• Task details:
If a line in the entries below includes "foto", show that line.

• Data section:
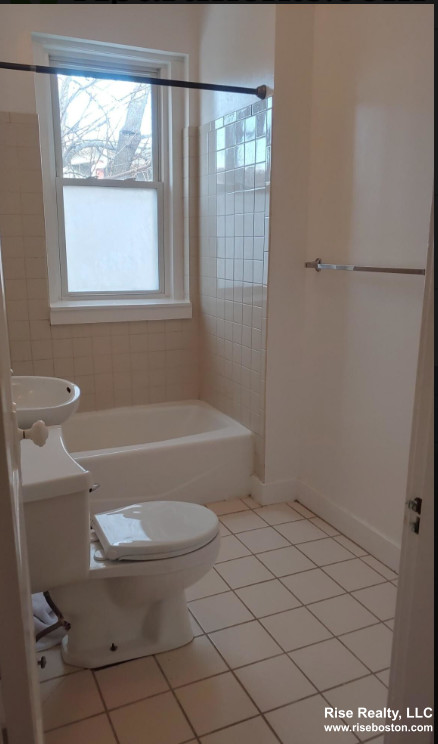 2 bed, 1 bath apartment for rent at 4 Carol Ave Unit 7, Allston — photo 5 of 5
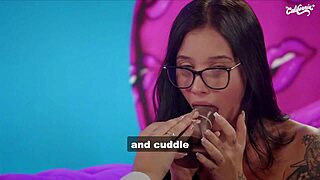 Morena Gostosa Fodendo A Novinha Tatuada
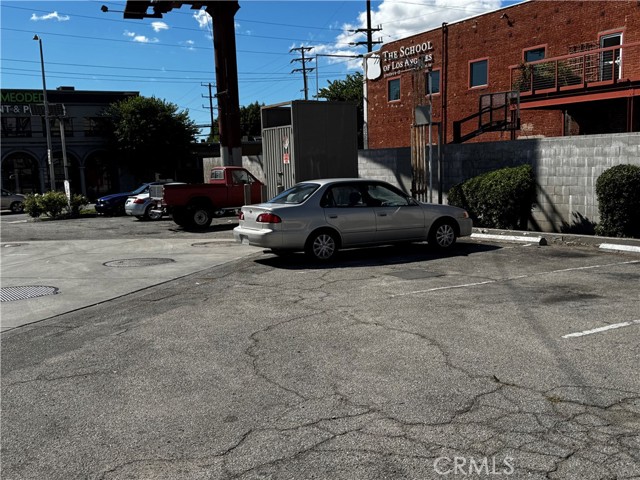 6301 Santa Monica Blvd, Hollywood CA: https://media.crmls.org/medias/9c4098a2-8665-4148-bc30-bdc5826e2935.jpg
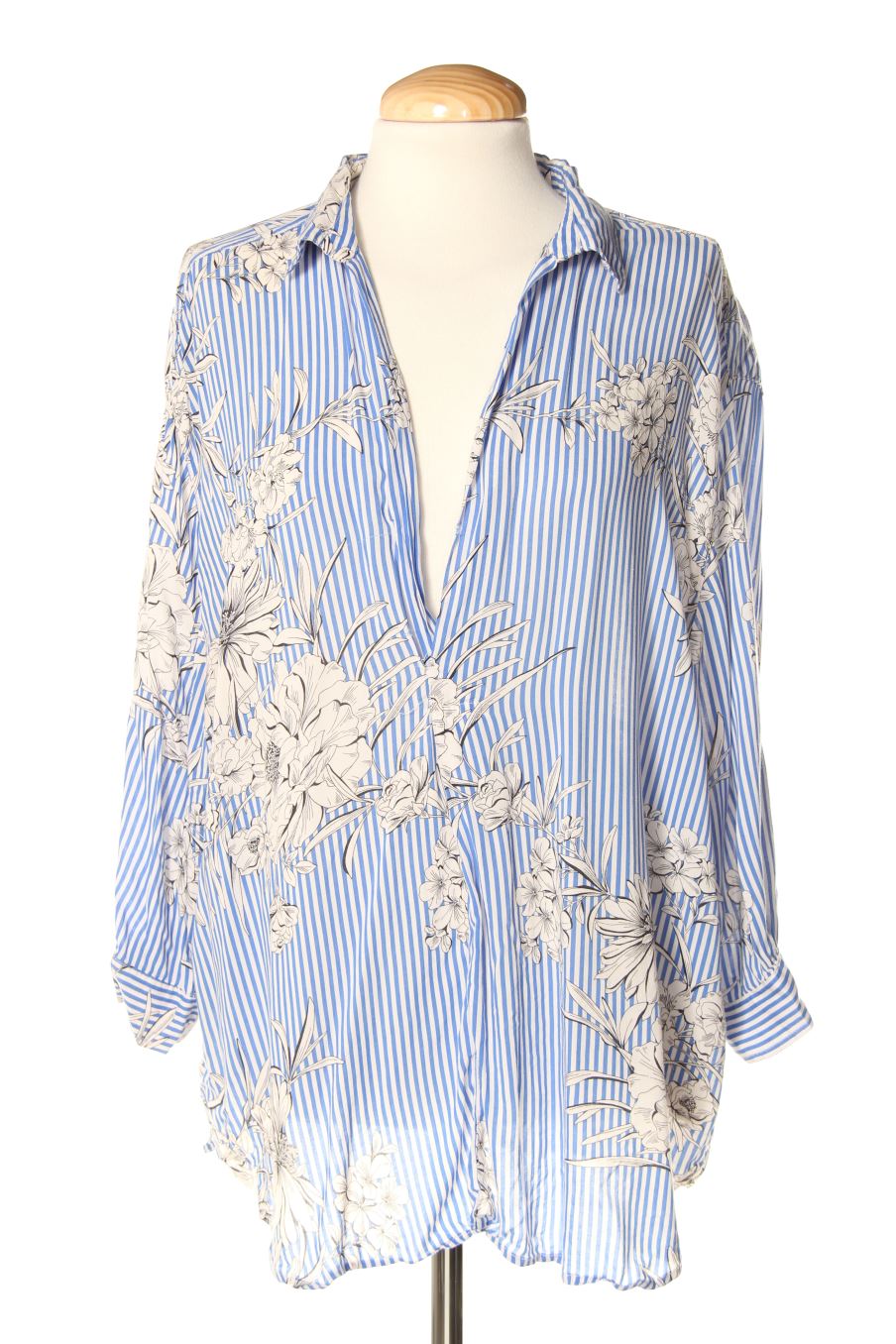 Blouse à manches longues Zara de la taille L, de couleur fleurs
--
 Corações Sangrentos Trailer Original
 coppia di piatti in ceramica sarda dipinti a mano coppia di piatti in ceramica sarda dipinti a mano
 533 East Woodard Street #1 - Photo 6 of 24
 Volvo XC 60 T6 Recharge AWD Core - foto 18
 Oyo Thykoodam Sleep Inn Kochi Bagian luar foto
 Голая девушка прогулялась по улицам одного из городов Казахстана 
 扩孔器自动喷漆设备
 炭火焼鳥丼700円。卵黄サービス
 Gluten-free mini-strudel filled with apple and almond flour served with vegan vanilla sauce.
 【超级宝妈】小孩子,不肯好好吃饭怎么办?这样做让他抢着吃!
* * *
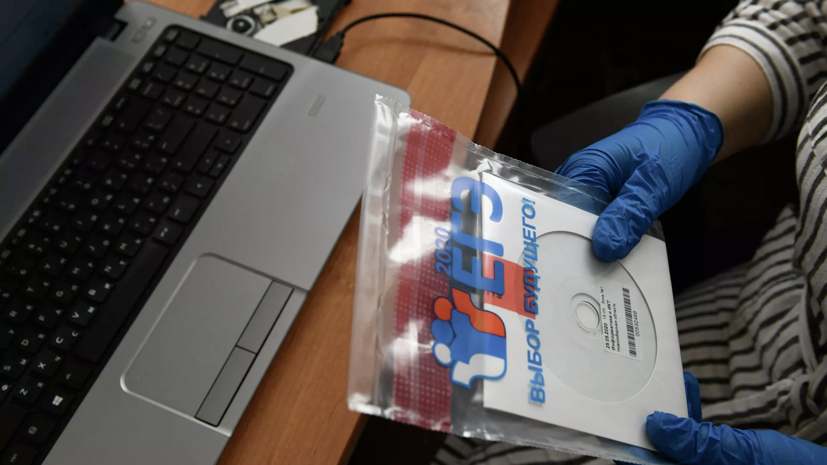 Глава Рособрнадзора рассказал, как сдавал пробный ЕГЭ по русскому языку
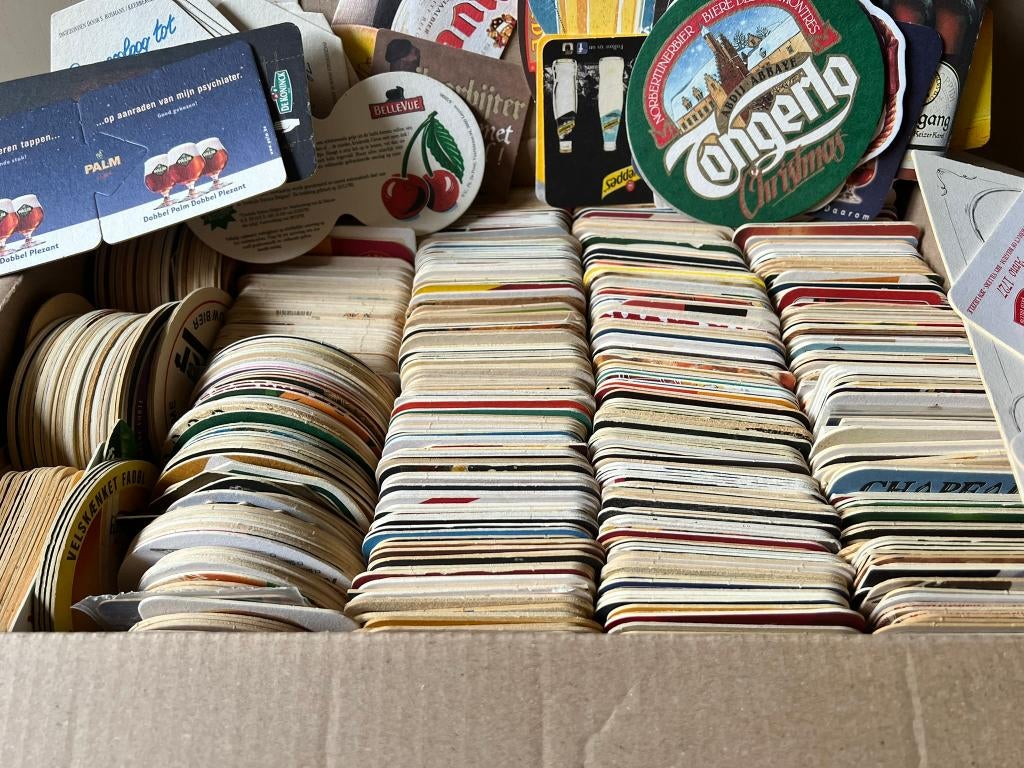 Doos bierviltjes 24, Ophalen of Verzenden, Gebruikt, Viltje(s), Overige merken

• Response area:
 Volvo XC 60 T6 Recharge AWD Core - foto 18
 Oyo Thykoodam Sleep Inn Kochi Bagian luar foto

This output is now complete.